According to al-Baladhuri, the main towns of Filastin, following its conquest by the Rashidun Caliphate, were, from south to north, Rafah, Gaza, Bayt Jibrin, Yibna, Amwas, Lydda, Jaffa, Nablus, Sebastia, and Caesarea. Under Byzantine rule the port city of Caesarea was the territory's capital, a natural choice as it eased communications with the capital Constantinople. After the Muslim conquest, the administrative focus shifted to the interior. Amwas was referred to as a qasaba in the early Islamic sources; the term could refer to a central town, but most likely meant a fortified camp in the case of Amwas. It served as the principal military camp of the Muslim troops, where spoils were divided and stipends paid, until it was abandoned by the troops in 639 due to the plague of Amwas. From about 640 Ludd and/or Jerusalem have been determined as the capital or political-religious center of Filastin, according to modern historians. (Note: The historians Guy le Strange, Moshe Gil, Muhammad Adnan Bakhit, and N. Hamash considered Ludd the capital before the founding of Ramla, while Goitein and Amikam Elad considered Jerusalem as the district's political-religious center before Ramla's founding.)

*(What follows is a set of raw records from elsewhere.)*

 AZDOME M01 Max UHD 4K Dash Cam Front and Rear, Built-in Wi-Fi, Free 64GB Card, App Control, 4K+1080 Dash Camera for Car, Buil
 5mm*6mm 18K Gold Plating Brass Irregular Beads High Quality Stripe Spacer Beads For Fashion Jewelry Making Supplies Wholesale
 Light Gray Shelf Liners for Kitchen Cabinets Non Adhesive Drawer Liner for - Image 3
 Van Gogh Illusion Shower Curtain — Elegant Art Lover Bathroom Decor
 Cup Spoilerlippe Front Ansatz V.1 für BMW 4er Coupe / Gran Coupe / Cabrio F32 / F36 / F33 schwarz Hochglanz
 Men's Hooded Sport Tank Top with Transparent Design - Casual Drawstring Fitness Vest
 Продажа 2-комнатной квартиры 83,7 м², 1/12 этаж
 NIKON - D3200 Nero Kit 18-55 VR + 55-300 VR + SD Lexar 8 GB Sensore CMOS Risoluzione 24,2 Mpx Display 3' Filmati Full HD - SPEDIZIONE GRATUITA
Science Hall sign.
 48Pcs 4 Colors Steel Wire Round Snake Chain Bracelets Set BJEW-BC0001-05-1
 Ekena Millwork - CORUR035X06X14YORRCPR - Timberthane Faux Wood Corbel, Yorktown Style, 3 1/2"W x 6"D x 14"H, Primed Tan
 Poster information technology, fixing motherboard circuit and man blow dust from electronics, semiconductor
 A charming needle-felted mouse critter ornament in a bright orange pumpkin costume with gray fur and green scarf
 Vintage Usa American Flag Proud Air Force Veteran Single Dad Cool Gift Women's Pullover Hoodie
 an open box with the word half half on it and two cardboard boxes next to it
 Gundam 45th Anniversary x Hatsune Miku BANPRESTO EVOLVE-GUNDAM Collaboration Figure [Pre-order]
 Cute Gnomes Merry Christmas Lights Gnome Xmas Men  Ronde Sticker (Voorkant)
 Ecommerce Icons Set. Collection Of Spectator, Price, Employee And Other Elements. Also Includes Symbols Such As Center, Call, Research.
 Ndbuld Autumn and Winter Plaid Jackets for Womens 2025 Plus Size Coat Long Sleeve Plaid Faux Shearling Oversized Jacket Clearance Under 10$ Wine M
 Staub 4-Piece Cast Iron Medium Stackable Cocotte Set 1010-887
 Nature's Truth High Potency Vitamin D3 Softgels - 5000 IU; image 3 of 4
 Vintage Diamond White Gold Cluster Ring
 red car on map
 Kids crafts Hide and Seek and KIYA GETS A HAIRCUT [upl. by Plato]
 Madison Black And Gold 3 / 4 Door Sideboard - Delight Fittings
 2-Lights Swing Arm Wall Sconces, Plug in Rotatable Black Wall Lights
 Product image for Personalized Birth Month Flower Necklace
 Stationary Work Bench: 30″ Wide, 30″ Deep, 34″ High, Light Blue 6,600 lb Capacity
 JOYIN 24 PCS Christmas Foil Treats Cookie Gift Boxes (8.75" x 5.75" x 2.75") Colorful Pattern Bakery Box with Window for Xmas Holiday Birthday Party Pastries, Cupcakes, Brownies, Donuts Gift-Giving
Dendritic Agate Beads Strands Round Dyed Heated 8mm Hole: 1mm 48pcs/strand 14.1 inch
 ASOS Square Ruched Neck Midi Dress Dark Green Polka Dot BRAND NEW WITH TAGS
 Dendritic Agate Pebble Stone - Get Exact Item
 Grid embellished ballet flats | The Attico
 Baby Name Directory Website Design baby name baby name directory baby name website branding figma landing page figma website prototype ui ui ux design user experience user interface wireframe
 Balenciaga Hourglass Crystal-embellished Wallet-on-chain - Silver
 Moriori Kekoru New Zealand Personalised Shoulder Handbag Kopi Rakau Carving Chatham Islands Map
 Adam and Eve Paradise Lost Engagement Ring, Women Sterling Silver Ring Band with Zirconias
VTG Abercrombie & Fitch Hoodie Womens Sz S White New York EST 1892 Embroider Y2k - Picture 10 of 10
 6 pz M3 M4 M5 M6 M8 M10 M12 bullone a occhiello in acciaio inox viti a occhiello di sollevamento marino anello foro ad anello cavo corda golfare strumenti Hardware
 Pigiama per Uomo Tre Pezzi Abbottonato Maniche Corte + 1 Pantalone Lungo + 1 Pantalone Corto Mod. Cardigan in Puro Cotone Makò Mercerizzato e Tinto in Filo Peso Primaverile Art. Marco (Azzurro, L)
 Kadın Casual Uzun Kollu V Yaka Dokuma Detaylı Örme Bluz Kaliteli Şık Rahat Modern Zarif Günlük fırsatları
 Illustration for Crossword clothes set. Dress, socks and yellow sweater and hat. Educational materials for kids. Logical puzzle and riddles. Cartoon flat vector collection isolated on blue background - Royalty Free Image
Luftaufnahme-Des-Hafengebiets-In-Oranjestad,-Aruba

After the caliph Sulayman ibn Abd al-Malik founded the city of Ramla next to Ludd, he designated it the capital, and most of Ludd's inhabitants were forced to settle there. In the 9th century, during Abbasid rule, Jund Filastin was the most fertile of Syria's districts, and contained at least twenty mosques, despite its small size.

After the Fatimids conquered the district from the Abbasids, Jerusalem eventually became the capital, and the principal towns were Ascalon, Ramla, Gaza, Arsuf, Caesarea, Jaffa, Jericho, Nablus, Bayt Jibrin, and Amman. The district persisted in some form until the Seljuk invasions and the Crusades of the late 11th century.

==Population==

At the time of the Muslim conquest, Filastin had been inhabited mainly by Aramaic-speaking Miaphysite Christian peasants. Samaria, in the northern part of the district, had a large Samaritan population.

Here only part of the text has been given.